### Exercise aim
How does the data below read from its first line through the line containing "D1 Minnow Fishing"? Print those lines exactly.

### Records provided

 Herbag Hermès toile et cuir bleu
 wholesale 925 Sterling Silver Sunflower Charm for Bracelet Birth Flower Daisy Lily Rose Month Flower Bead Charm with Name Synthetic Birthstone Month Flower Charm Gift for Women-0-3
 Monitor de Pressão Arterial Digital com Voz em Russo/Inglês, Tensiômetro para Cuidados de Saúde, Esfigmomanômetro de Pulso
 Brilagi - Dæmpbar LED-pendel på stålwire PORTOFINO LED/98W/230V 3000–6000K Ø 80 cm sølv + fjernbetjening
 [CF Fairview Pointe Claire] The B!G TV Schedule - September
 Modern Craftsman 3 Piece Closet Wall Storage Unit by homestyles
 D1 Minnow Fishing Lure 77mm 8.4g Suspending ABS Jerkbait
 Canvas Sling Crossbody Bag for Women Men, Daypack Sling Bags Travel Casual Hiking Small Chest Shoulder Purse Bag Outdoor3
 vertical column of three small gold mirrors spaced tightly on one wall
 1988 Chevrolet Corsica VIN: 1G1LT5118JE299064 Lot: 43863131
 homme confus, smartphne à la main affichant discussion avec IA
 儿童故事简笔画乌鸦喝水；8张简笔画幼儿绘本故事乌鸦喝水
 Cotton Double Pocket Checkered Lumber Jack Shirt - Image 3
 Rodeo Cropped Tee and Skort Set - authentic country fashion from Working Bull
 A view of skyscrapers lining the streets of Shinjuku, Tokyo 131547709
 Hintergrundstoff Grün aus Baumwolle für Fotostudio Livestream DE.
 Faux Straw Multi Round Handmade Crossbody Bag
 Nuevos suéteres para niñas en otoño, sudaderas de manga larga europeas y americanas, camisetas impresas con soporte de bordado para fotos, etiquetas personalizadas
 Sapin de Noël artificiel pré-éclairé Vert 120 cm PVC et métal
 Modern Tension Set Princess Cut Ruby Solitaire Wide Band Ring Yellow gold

### Answer to this exercise
 Herbag Hermès toile et cuir bleu
 wholesale 925 Sterling Silver Sunflower Charm for Bracelet Birth Flower Daisy Lily Rose Month Flower Bead Charm with Name Synthetic Birthstone Month Flower Charm Gift for Women-0-3
 Monitor de Pressão Arterial Digital com Voz em Russo/Inglês, Tensiômetro para Cuidados de Saúde, Esfigmomanômetro de Pulso
 Brilagi - Dæmpbar LED-pendel på stålwire PORTOFINO LED/98W/230V 3000–6000K Ø 80 cm sølv + fjernbetjening
 [CF Fairview Pointe Claire] The B!G TV Schedule - September
 Modern Craftsman 3 Piece Closet Wall Storage Unit by homestyles
 D1 Minnow Fishing Lure 77mm 8.4g Suspending ABS Jerkbait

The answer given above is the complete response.